Chroniqué par Nicolas Gilles
Imaginez un Lemmings en version pas maniable du tout. Vous aimez les crises de nerfs ?En fait non
La première fois que l'on essaie Marsupilami, on se prend un mur. Ou plutôt un cercle de flammes.
Tout commence par un jeu de plateformes plutôt joli visuellement, bien qu'un peu triste dans ses choix de couleurs, surtout pour la série dont le jeu est adapté.

On attrape des fruits, on avance vers la droite, on récupère des items qui semblent inutiles, et on arrive à la fin du niveau, qui se matérialise pas un rond de flammes (oui le jeu se déroule dans le monde du cirque). On essaie de passer à travers, mais que dalle. On dose le saut, que dalle. On saute par-dessus, on y arrive, mais rien ne se passe. Le crétin juste à côté nous fait toujours signe d'aller vers la droite.
En réalité, Marsupilami n'est pas un jeu de plateformes, mais un jeu à la Lemmings, où votre bestiole jaune à poids noirs doit utiliser sa queue à rallonge pour faire progresser l'éléphant qui fait des allers-retours au début du niveau.
Aller, on recommence.

Lemmings en version impossible
Cette fois, on réalise que le premier item que l'on prend, l'escalier, permet de faire monter l'éléphant sur les caisses, afin de lui permettre de progresser vers la fin du niveau.
Cool ! Sauf que non. Car ce conard fait marche arrière dès qu'il se heurte à un obstacle. On découvre alors que l'on peut poser les fruits que l'on choppe un peu partout. Il se pose alors le temps de le manger, nous laissant le temps que se placer pour offrir le prochain escalier.

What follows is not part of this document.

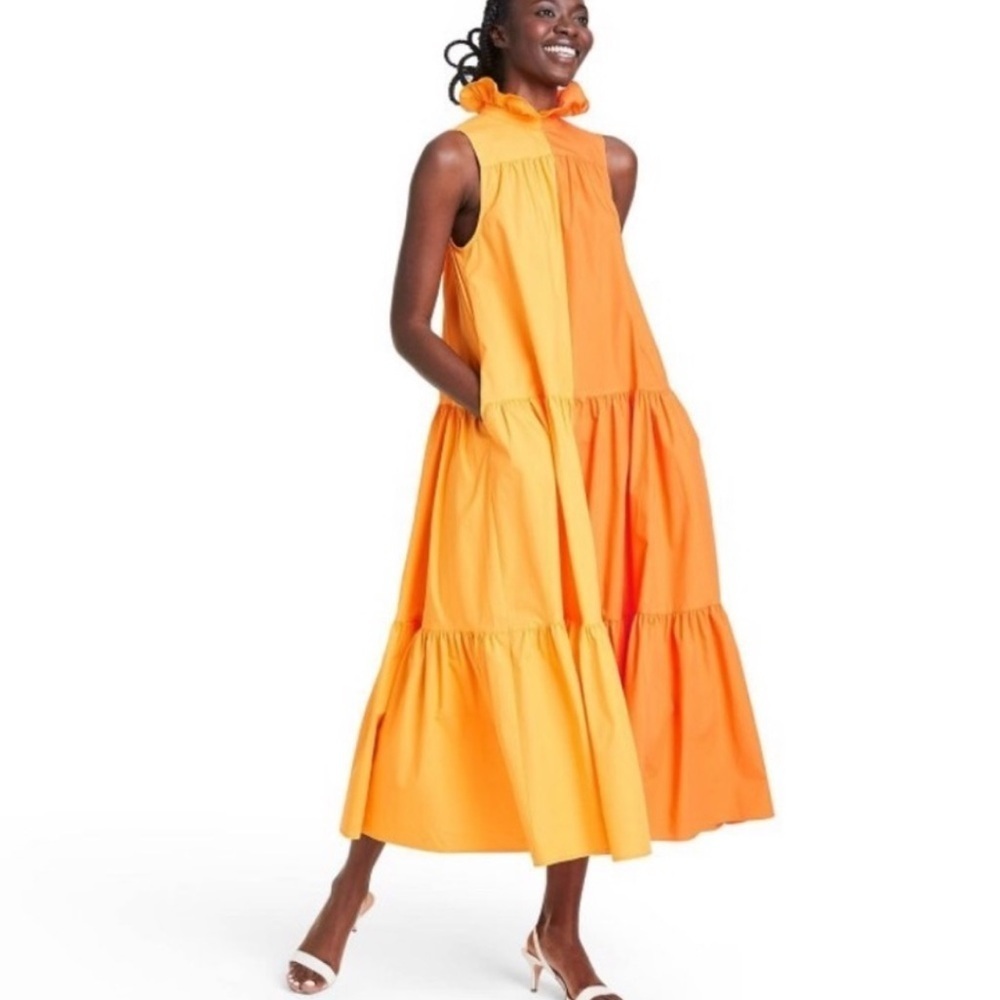 Christopher John Rogers for Target Orange & Yellow Color Block Maxi Dress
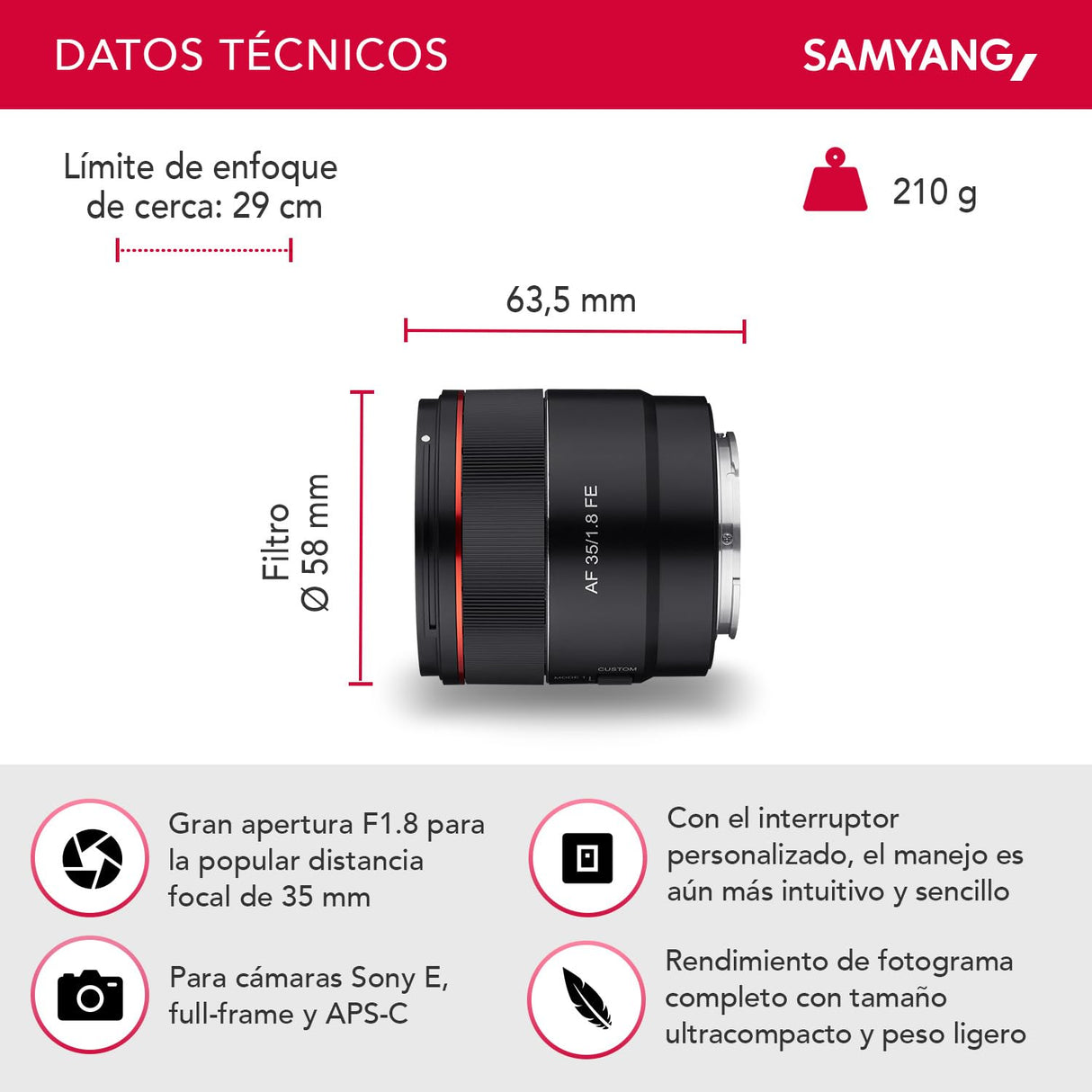 Samyang AF 35 mm F1,8 FE + estación de Lente para Sony E-Mount Full Format & APS-C I Ultra Ligero Gran Angular con Enfoque automático rápido I Distancia Focal Fija para Sony Alpha A7C, A7 III, A6100,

Mais cette sous-merde demande de placer le fruit très précisément sous peine de le voir passer par-dessus sans le voir.
Mais c'est quoi ce jeu ?!?

On persiste. On découvre un autre item qui permet de le faire courir. Puis sauter sur un truc. À chaque fois, c'est la galère.
Finalement, on arrive à un bac d'eau qui lui permet d'éteindre le cercle de feu de de déclencher enfin la fin du niveau.

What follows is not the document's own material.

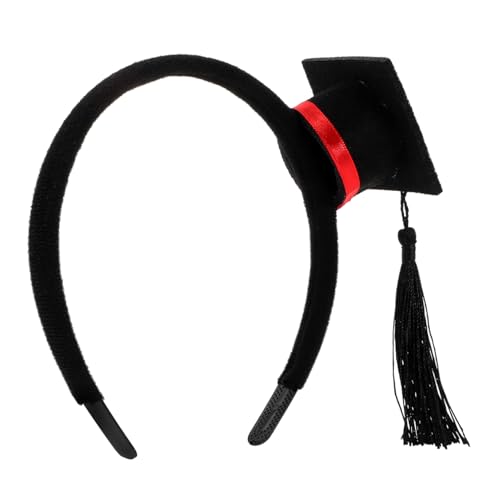 MAGICLULU Graduierungskappen-stirnband Abschlusskostüm-accessoire Party-stirnbänder Für Erwachsene Abschlusskappe Abschluss Stirnband Junggesellenmütze Stirnband Kappe Rot Plüschstoffe von MAGICLULU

Et ça, ce n'est que le putain de premier niveau. Car tous les suivants continuent de vous imposer de faire progresser cet abruti d'éléphant.
Le calvaire continue un sacré paquet de fois par la suite, variant les plaisirs, vous mettant à peu près dans le même état qu'à la fin d'un épisode de Princesse Sarah. Une seule question vous brûle les lèvres tandis que vous observez vos mains tremblantes de vos yeux injectés de sang : POURQUOI ?
Marsupilami va vous demander d'avoir des nerfs en acier trempé. Car vous allez hurler devant la console, vous allez balancer cette manette. Vous allez vous éviscérer ces #*ù@ de développeurs. Et plus généralement, vous ne voudrez plus JAMAIS entre parler d'éléphants.